When Did Moscosos Comic Books Begin?
With our theme on psychedelic artistes, it is noteworthy that Victor Moscoso’s (famous rock posters artist) streetwise upbringing in Brooklyn gave him a no-nonsense type of approach to art and art projects. He takes a very practical view of commissioned assignments and personal projects. Lucky for us! I believe this led to many projects and encompassed a wide range of work he may have not discovered. This may include (but not limited to) his work and leadership at Zap Comix and other Moscosos comic books.
This image to the left is the very first Zap Comix Book. Launch date was March 1968 and the brain child of legendary underground comics artist Robert Crumb (R.Crumb). Crumb would recruit other artists S. Clay Wilson, Robert Williams, “Spain” Rodriguez, Gilbert Shelton, Victor Moscoso and Rick Griffin to collaborate with him. The latter two with reputations as psychedelic poster designers, in their own right. They would all come on board as the new roster of artists for Zap Comix.
Moscoso and Griffin worked well as partners on many poster designs and projects. Griffin had actually made his bones doing a surfer comic strip “Murphy” in 1961 and started germinating the idea of doing comics with Moscoso, before Zap was published.
It is claimed that the term “comiX” (with an X) refers to the traditional comic book style of Zap, and its mixture of dirty jokes and story-lines. Moscosos comic books (Zap Comix included), were more of an an illusory / optical type of art. But, “Crumb and Griffin took the taboos straight on” as Moscoso puts it. The comic books were labeled “Fair Warning: For Adult Intellectuals Only”. This was soon to be taken very literally, as this obviously was not a kiddies comic book. So bad, that in some places you could not buy this over the counter. This made the comic even more coveted and wildly popular.

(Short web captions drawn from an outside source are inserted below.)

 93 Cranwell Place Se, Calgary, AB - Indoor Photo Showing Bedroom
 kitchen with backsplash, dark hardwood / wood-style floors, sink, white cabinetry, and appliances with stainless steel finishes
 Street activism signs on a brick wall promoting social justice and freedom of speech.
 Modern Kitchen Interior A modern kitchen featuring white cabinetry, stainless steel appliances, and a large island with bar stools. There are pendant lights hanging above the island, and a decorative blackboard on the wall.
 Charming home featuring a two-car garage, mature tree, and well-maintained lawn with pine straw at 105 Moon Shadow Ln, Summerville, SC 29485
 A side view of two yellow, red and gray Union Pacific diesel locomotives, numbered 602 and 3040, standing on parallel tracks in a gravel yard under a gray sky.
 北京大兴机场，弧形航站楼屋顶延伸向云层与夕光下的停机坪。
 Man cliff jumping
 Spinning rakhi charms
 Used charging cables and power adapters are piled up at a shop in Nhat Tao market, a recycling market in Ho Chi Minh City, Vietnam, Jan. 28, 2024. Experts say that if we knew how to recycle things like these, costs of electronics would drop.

Zap#4 was most infamous as it depicted an R. Crumb story “Joe Blow”. It was about a incestuous All-American nuclear family . Their motto being “the family that lays together stays together”. Numerous “community standards” obscenity busts and court cases were brought against the publisher Print Mint. This was actually was banned in New York from over the counter sales.
According to Moscoso – R. Crumb had been a super fan of he and Rick Griffin and after seeing poster Family Dog #89 an imitation of the Sunday Chronicle pages. After seeing that he went home and created Zap Comix. They were in essence his heros.
That is actually a very interesting time line and important info. All of these guys were so famous, many times you dont know who came first. But, to answer the question to our post – When Did Moscosos Comic Books Begin? I would have to say not in the FIRST issue of Zap Comix. But, as we revealed earlier, obviusly a Moscoso/Griffin poster was the inspiration. It would probably be the second issue moving forward to this day. Moscoso was heavily involved in the comic even in distribution and management. He was instrumental (IMHO) in making Zap Comix the phenomenon that it is.